Our updated AGC Detector 2.0 achieves an impressive 98% detection rate for AI-assisted responses, with a false positive rate of just 1%. This gives organisations peace of mind that they’re getting the most authentic assessment of every candidate.
This cutting-edge system builds on Sapia.ai’s proprietary dataset of over 2 billion words, derived from more than 20 million interview question-answer pairs spanning diverse roles, industries, and regions. It’s trained on real-world data collected before and after the release of tools like ChatGPT, ensuring it remains robust and reliable even as AI tools evolve.
Our data shows that around 8% of candidates use tools like GPT-4 to generate responses for three or more interview questions. While these tools may offer a quick way for candidates to complete their interview, they can inadvertently hide a person’s true personality and potential – qualities our customers are most interested in understanding through our platform. In fact, research from Sapia Labs shows that these tools have their own personality traits, which may be quite different from the candidate applying for the role.
When a response is flagged as potentially AI-generated, the system doesn’t disqualify candidates. Instead, a real-time warning pops up, allowing them to revise their answers or submit them as-is. This ensures that candidates are encouraged to present themselves authentically, reflecting their unique communication styles and sharing their genuine experiences.
Responses flagged as AI-generated are highlighted in the candidate’s Talent Insights profile, accessible via Sapia.ai’s Talent Hub or ATS integrations. These insights give hiring teams the transparency to make informed decisions, fostering trust while accelerating hiring timelines.
“Our detection model’s strength lies in its foundation of real-world interview data collected from diverse roles and regions,” says Dr Buddhi Jayatilleke, Sapia.ai’s Chief Data Scientist. This depth of understanding enables the AGC Detector to maintain its industry-leading accuracy – even when candidates subtly modify AI-generated answers to appear more human.

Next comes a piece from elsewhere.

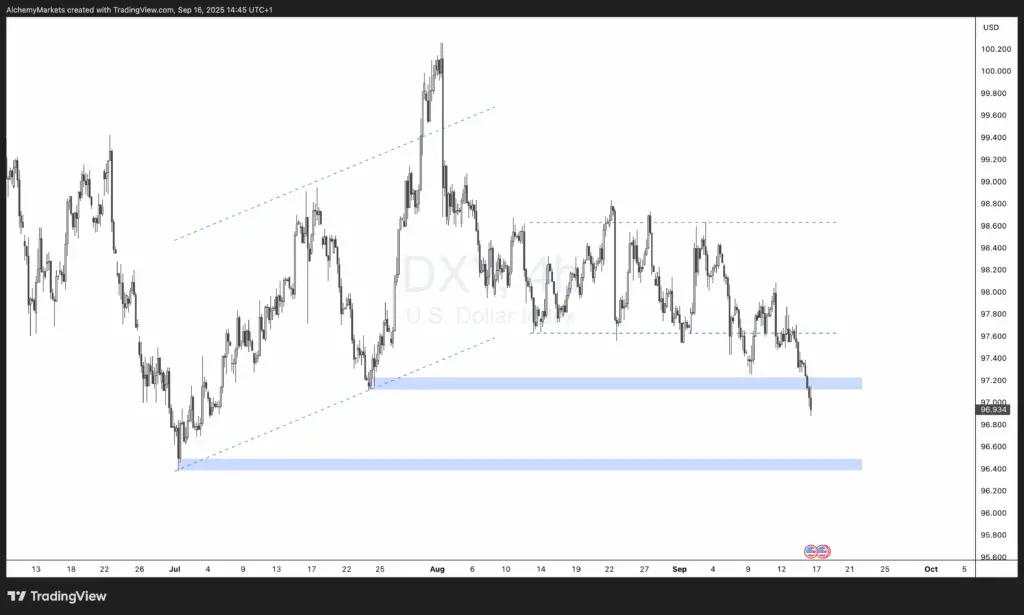 Dollar Index hits multi-month projection at 97.200, risks extend to 96.500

The AGC Detector 2.0 embodies Sapia.ai’s commitment to ethical AI that amplifies human potential. As our CEO Barb Hyman explains:
“The hiring landscape has fundamentally changed since ChatGPT, but our commitment remains clear: AI should amplify human potential, not penalise it. This breakthrough fosters authentic hiring conversations. Our real-time warning system helps candidates make better choices and gives enterprises confidence in their selection decisions.”
The new detector has been rigorously tested on over 25,000 interview responses generated by humans and leading AI models like GPT-4, Claude-3.5, and Llama-3. The results speak for themselves, reinforcing the reliability and fairness of this game-changing technology.
By detecting AI-generated content while allowing candidates to correct their responses, our AGC Detector 2.0 ensures every applicant has the chance to put their best, most authentic foot forward when applying for a role powered by Sapia.ai. For enterprises, it provides confidence in the integrity of their hiring decisions and ensures they’re connecting with real candidates at scale.